[Task to complete] Copy verbatim the material from its first line to the line that holds "200 ml zylindrische", including that line.

[Entries shown]
+++
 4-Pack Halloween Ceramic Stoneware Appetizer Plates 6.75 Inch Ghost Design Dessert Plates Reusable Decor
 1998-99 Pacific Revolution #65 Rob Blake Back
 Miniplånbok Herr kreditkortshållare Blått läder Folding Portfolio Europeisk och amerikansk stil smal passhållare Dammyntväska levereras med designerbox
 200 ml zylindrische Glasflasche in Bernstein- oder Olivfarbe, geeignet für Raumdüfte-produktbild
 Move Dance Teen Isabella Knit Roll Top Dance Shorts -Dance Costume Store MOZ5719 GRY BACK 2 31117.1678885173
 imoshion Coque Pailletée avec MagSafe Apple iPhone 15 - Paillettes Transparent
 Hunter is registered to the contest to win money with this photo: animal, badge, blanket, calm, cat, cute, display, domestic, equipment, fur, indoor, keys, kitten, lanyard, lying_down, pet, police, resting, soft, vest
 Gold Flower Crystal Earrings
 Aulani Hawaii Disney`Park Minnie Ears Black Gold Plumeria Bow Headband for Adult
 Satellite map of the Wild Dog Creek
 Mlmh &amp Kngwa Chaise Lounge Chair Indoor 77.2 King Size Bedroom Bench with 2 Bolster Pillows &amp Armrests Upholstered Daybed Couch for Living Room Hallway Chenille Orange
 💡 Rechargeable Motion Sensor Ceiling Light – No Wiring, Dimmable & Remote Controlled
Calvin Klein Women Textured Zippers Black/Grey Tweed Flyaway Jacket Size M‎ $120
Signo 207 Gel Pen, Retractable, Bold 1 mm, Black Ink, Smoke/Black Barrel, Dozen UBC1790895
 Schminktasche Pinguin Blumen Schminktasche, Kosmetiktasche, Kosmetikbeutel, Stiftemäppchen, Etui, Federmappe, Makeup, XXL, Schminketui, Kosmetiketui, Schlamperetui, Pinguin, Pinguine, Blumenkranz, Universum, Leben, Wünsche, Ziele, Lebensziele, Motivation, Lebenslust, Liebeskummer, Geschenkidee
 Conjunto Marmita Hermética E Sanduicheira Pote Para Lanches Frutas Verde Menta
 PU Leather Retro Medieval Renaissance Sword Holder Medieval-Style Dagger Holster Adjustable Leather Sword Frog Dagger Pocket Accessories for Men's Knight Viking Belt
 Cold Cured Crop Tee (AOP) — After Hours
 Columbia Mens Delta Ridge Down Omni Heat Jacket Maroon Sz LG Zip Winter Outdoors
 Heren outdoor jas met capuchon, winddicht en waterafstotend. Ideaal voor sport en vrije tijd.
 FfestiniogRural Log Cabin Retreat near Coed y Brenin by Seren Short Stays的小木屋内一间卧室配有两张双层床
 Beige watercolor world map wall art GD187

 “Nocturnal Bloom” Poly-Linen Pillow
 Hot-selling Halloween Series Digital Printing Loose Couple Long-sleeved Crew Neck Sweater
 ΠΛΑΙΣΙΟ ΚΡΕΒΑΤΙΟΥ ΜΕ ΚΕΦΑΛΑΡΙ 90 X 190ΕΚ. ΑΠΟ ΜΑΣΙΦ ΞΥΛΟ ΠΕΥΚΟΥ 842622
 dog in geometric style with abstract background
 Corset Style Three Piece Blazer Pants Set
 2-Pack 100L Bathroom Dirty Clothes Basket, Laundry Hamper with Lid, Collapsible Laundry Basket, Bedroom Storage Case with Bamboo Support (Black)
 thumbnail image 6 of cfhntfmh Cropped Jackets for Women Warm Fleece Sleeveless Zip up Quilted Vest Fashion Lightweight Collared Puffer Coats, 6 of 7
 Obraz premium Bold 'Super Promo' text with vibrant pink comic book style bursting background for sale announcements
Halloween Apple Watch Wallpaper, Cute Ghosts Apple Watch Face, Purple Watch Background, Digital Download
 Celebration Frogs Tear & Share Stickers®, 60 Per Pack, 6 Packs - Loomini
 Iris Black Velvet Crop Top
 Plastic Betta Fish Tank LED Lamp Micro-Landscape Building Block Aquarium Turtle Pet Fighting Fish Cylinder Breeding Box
+++
[Completed exercise]
 4-Pack Halloween Ceramic Stoneware Appetizer Plates 6.75 Inch Ghost Design Dessert Plates Reusable Decor
 1998-99 Pacific Revolution #65 Rob Blake Back
 Miniplånbok Herr kreditkortshållare Blått läder Folding Portfolio Europeisk och amerikansk stil smal passhållare Dammyntväska levereras med designerbox
 200 ml zylindrische Glasflasche in Bernstein- oder Olivfarbe, geeignet für Raumdüfte-produktbild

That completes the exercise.